--- DATA SHOWN ---
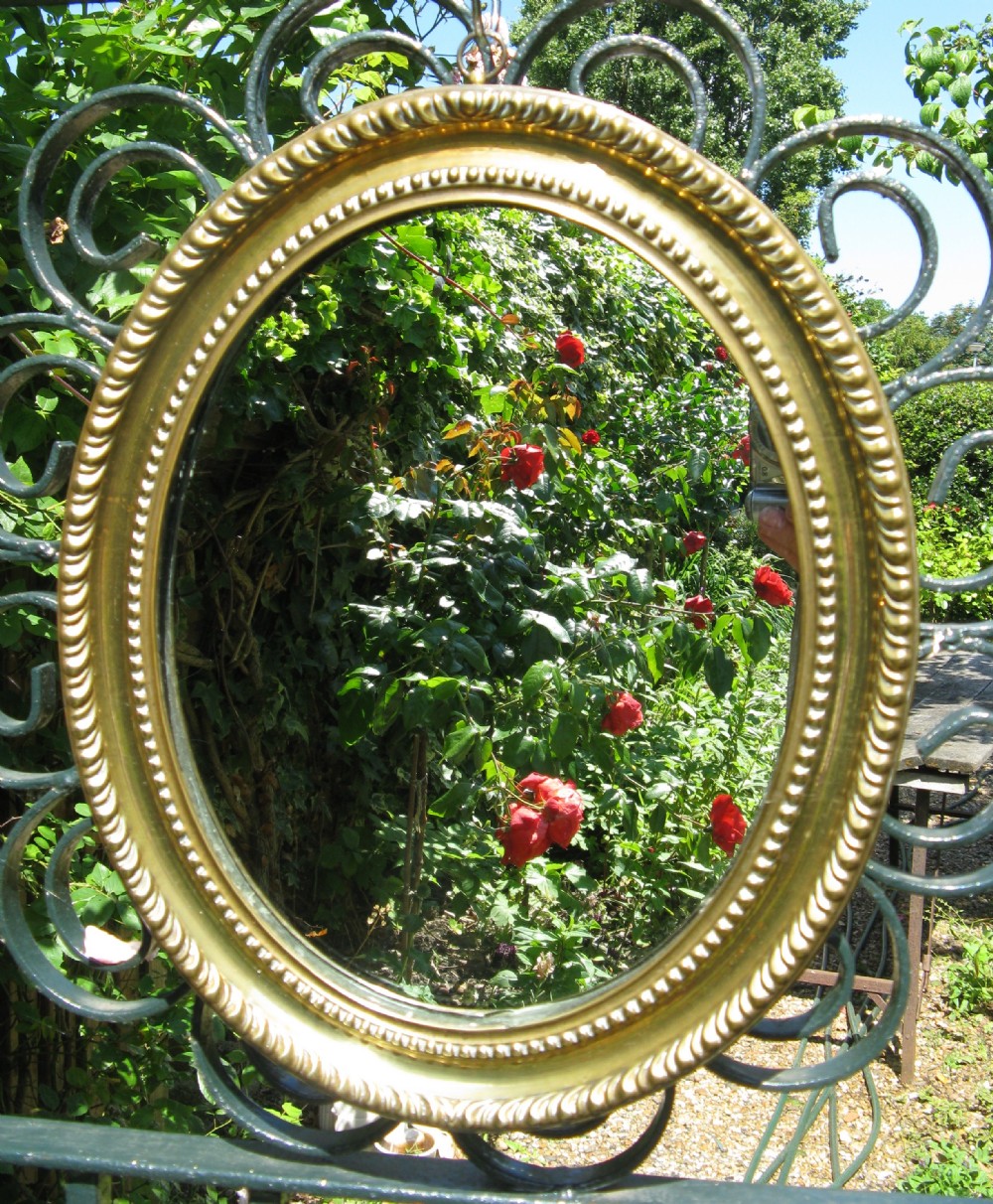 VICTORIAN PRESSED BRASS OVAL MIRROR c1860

...

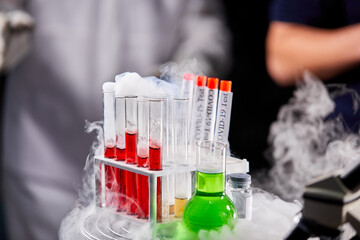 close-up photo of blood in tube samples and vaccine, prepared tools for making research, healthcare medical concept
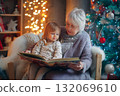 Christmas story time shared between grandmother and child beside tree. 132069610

--- PROBLEM REQUIREMENTS ---
Look above for the line holding "close-up photo of" and output everything from it down to the line holding "Christmas story time", both ends included, exactly and without images.

--- RESPONSE FOR THIS EXERCISE ---
 close-up photo of blood in tube samples and vaccine, prepared tools for making research, healthcare medical concept
 Christmas story time shared between grandmother and child beside tree. 132069610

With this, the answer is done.